W ostatnim czasie do Ośrodka dostarczono wiele darów. Sporą część potrzebnych produktów kilka razy pakowaliśmy w busa i transporty ruszały do Lwowa.

Otrzymaliśmy dary ze Szkoły Europejskiej w Monachium (Europäische Schule München), która od lat współpracuje ze szkołą im. ks. Klemensa Szeptyckiego we Lwowie. W związku z obecną trudną sytuacją na Ukrainie, w Szkole Europejskiej postanowiono działać i wysłać dodatkową pomoc. Oprócz pieniędzy, zebrano 150 kartonów wypełnionych żywnością długoterminową, środkami medycznymi i higienicznymi, a także ponad 50 śpiworów i około 20 łóżek polowych. Transport do ośrodka zapewnili wolontariusze z Centrum Akcji Benediktbeuern (Aktionszentrum Benediktbeuern), które należy do niemieckiej prowincji salezjanów. Ogromnie dziękujemy!

Do ośrodka dotarły dary ze szkoły salezjańskiej w Irlandii.
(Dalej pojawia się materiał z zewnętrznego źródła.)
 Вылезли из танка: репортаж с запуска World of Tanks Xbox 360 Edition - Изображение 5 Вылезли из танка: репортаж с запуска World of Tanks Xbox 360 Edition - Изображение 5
Przywieziono najpotrzebniejsze rzeczy: śpiwory, karimaty, koce termiczne, środki opatrunkowe (bandaże, plastry, środki dezynfekujące, roztwory soli itp.), artykuły spożywcze o długim terminie ważności (konserwy, ryż, makaron), środki higieny osobistej (mydła, szampony, chusteczki, pasty i szczoteczki do zębów). Zorganizowano też kilka akcji, np. sprzedaż żonkili i loterię fantową. Oprócz tego można było przekazać datki dla Ukrainy na stronie internetowej salezjanów.

Organizacją zbiórki zajmował się Salesian Secondary College, koordynował ją Salesians Ireland i Don Bosco Aid. Do zbiórki dołączyła się również diecezjalna parafia z Carbury – Carbury Parish. Dziękujemy salezjanom, uczniom, rodzicom, nauczycielom ze szkoły salezjańskiej w Irlandii!

W minionym tygodniu dwa razy odwiedziliśmy salezjanki i salezjanów we Lwowie. We wtorek ks. Jacek Zdzieborski i ks. Piotr Gozdalski zawieźli ponad tysiąc konserw, kilkadziesiąt śpiworów i karimat, kilka kartonów z lekami oraz żywnością długoterminową. Otrzymane dary przekazali m.in. do szkoły i sierocińca we Lwowie. Odwiedzili siostry salezjanki i salezjanów. Rozmawiali o ich sytuacji, potrzebach i pomocy.
Pod koniec tygodnia znów byliśmy we Lwowie, żeby zawieźć potrzebne rzeczy. A na początku tygodnia kolejne dary, wyruszyły w drogę na Ukrainę.